Got a lot of work honing my skills in the future.


----------



## Gary A. (Oct 23, 2014)

They look overly grainy to me. Double check your development times and temp. How often and for how long did you agitate?

But, for a first roll, I think that's pretty good. Did you use plastic or stainless reels? What developer?


----------



## vintagesnaps (Oct 23, 2014)

I'm wondering if your exposures might have been off, using 400 speed film out on a bright sunny day might be some of the problem. Not bad though and you're right it takes time and learning to improve your results. As the saying goes, Rome wasn't built in a day.


----------



## Gary A. (Oct 23, 2014)

vintagesnaps said:


> I'm wondering if your exposures might have been off, using 400 speed film out on a bright sunny day might be some of the problem. Not bad though and you're right it takes time and learning to improve your results. As the saying goes, Rome wasn't built in a day.


Yep, check your EXIF. lol


----------



## Malinku (Oct 23, 2014)

Gary A. said:


> They look overly grainy to me. Double check your development times and temp. How often and for how long did you agitate?
> 
> But, for a first roll, I think that's pretty good. Did you use plastic or stainless reels? What developer?



I followed this guide and used the official Ilford development chart for times. I used Ilfosol 3 developer.





The digital scans have a bit more grain to them. Then the 4x6 prints I got done. The machine must add a bit well scanning (Got them done at west photo, MN).



vintagesnaps said:


> I'm wondering if your exposures might have been off, using 400 speed film out on a bright sunny day might be some of the problem. Not bad though and you're right it takes time and learning to improve your results. As the saying goes, Rome wasn't built in a day.

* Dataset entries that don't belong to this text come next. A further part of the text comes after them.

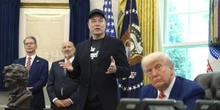 Musk ha definito «un disgustoso abominio» una legge voluta da TrumpScontrandosi pubblicamente per la prima volta con l'amministrazione Repubblicana da quando ha lasciato il governo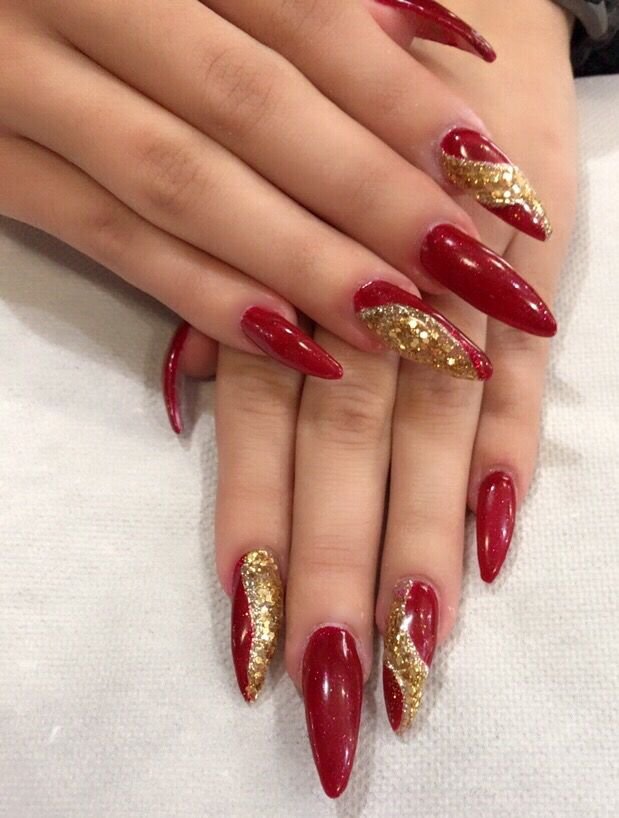 Cute Almond Red nails with gold 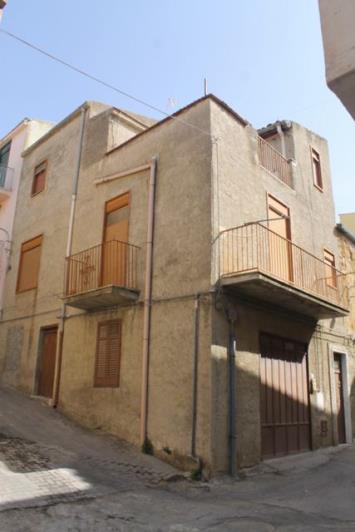 Image No.2-3 Bed Townhouse for sale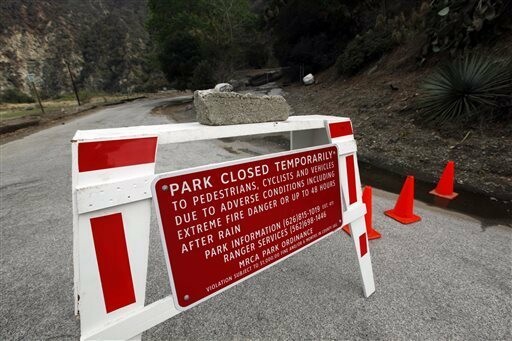 Φόβοι για κατολισθήσεις στο Λ. Άντζελες μετά την έντονη βροχόπτωση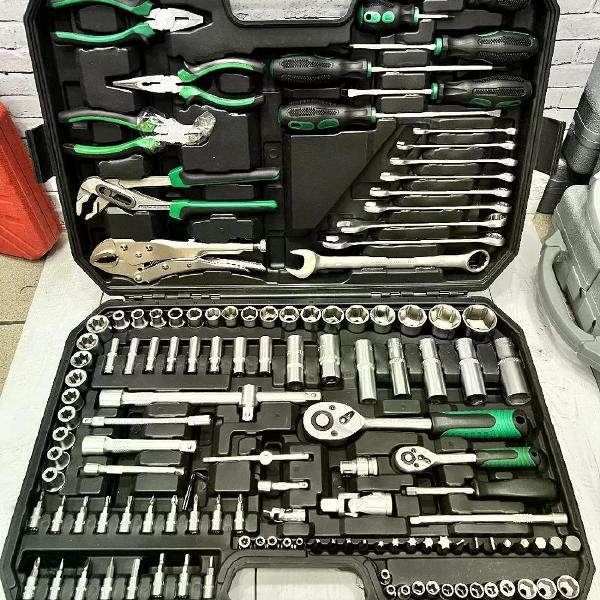 Изображение товара Набор автомобильных инструментов Автохит Профессиональный набор инструментов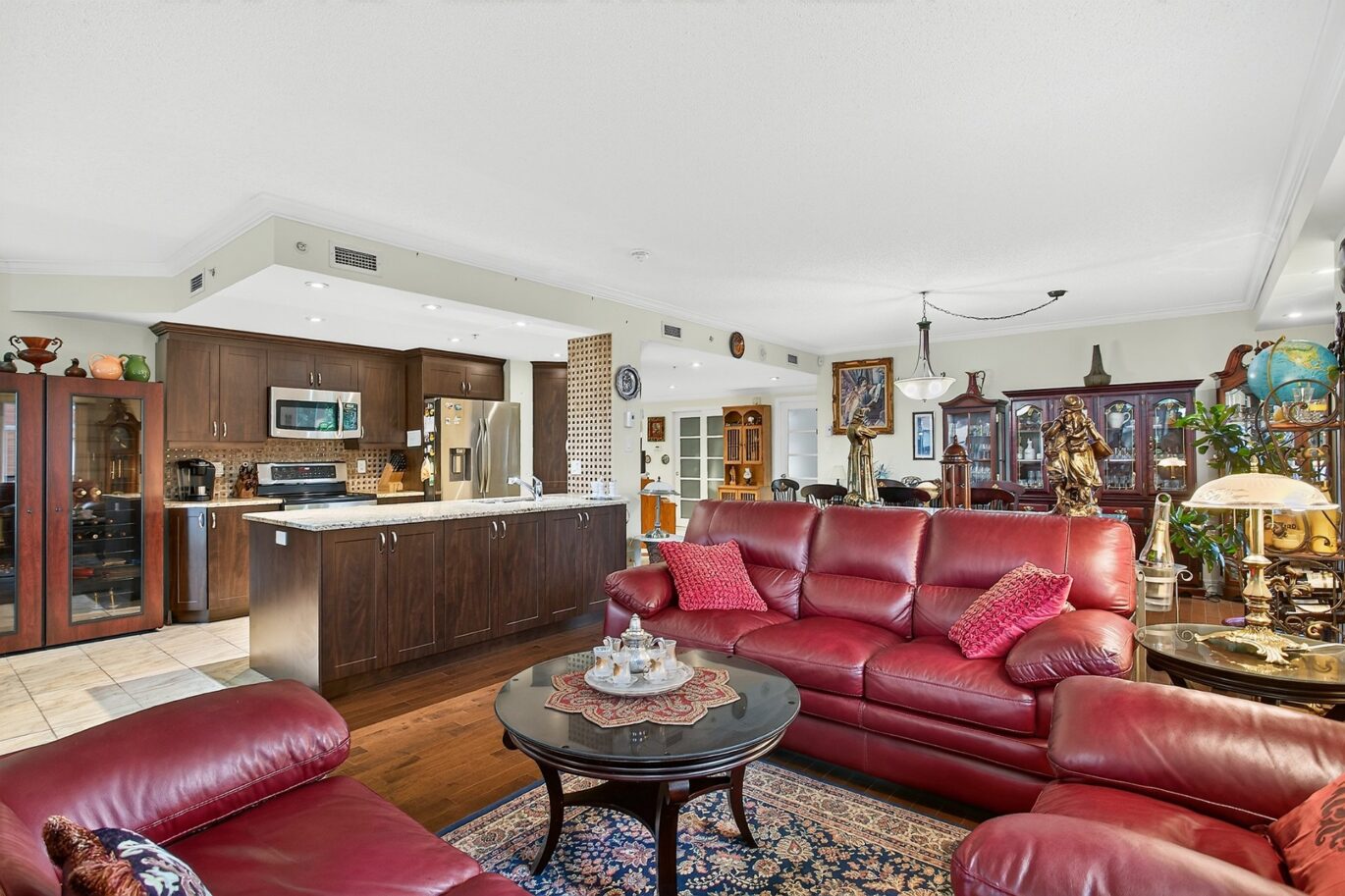 3875 Boul. de Chenonceau #308  Laval (Chomedey) (Laval)
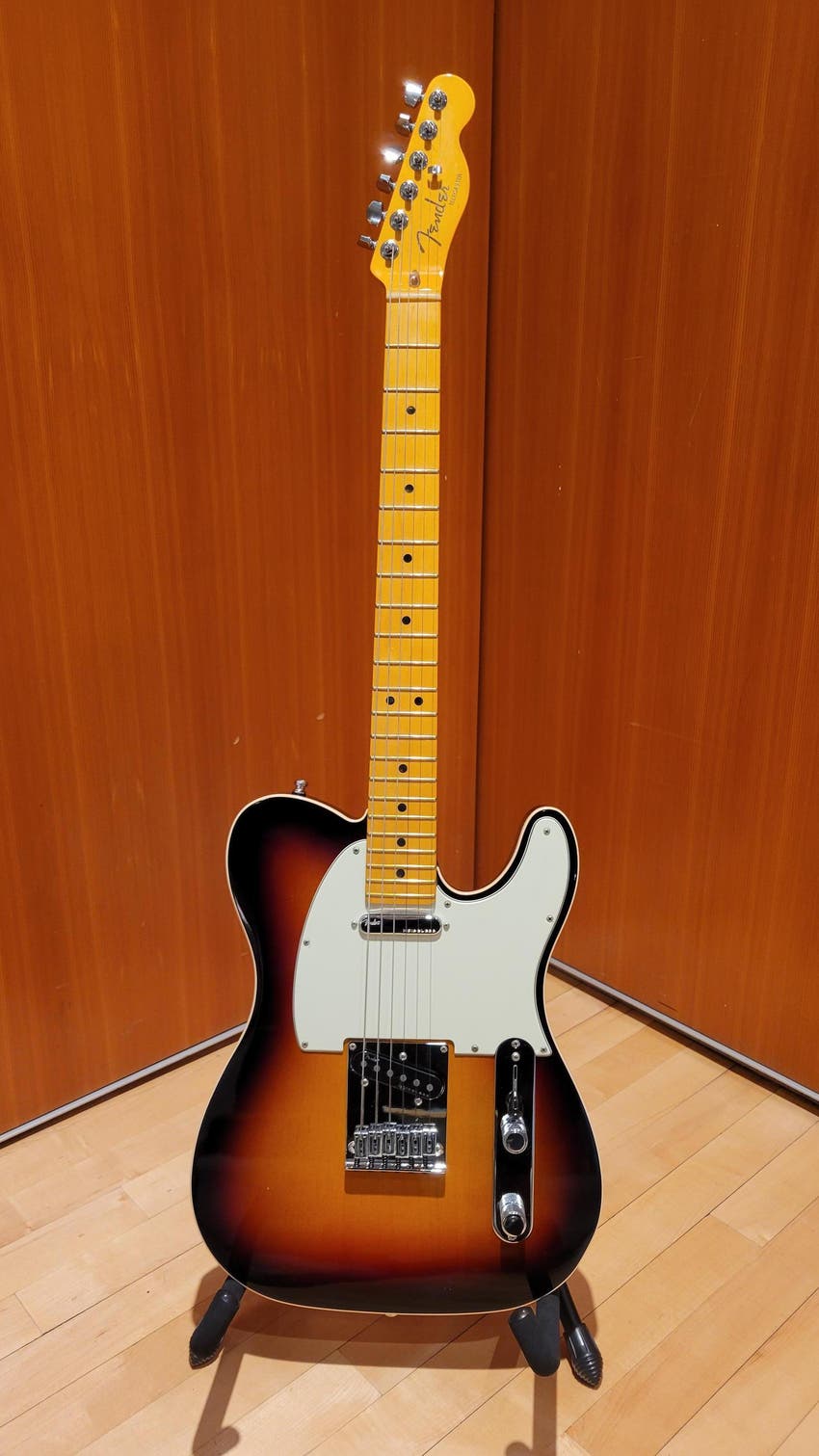 American Ultra Telecaster - Ultraburst with Maple Fingerboard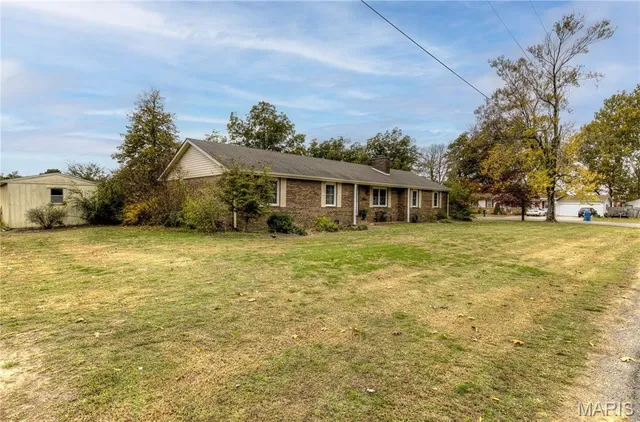 $275,000 | 445 Margaret Drive, East Prairie, MO 63845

I'm sure most of my shots are too bright. As lighting is my weakest point and need a lot of work.


----------



## Gary A. (Oct 23, 2014)

Probably the scan.


----------



## timor (Oct 23, 2014)

Maybe the scan added something to the grain, I don't know, I don't scan negs. But I know Ilfosol 3 and I know HP5. HP5 is grainy no matter what and Ilfosol 3 is a horrible developer for it. (And for everything else as well.) Rather go with full strength D76 and, when you get accustomed to handling of the chemicals, switch to Xtol. For developer to act as fine grain one there has to be at least 30 grams of sodium sulfite per 1 liter of working solution to have any silver solving (grain reducing) action. I don't think standard solution of Ilfosol 3 contains that amount. Ad to it high pH and you have grainy and contrasty developer with any film


----------



## Josh66 (Oct 24, 2014)

Some scanning software automatically applies USM to every scan (you should be able to turn that off) - check your settings.  It doesn't really look like it's USM to me though.  Probably just normal for that film/developer...



timor said:


> Rather go with full strength D76 and, when you get accustomed to handling of the chemicals, switch to Xtol.


Why wait?  Xtol is one of my favorites, but it's not exactly exotic or anything.


----------



## timor (Oct 26, 2014)

Josh66 said:


> Why wait?  Xtol is one of my favorites, but it's not exactly exotic or anything.


For total beginner and occasional user concentrated one shot developers are much easier to use than powdered. 
Xtol is not exotic , but has nasty surprises for unaware how to store it. It is good to have some experience with storing.


----------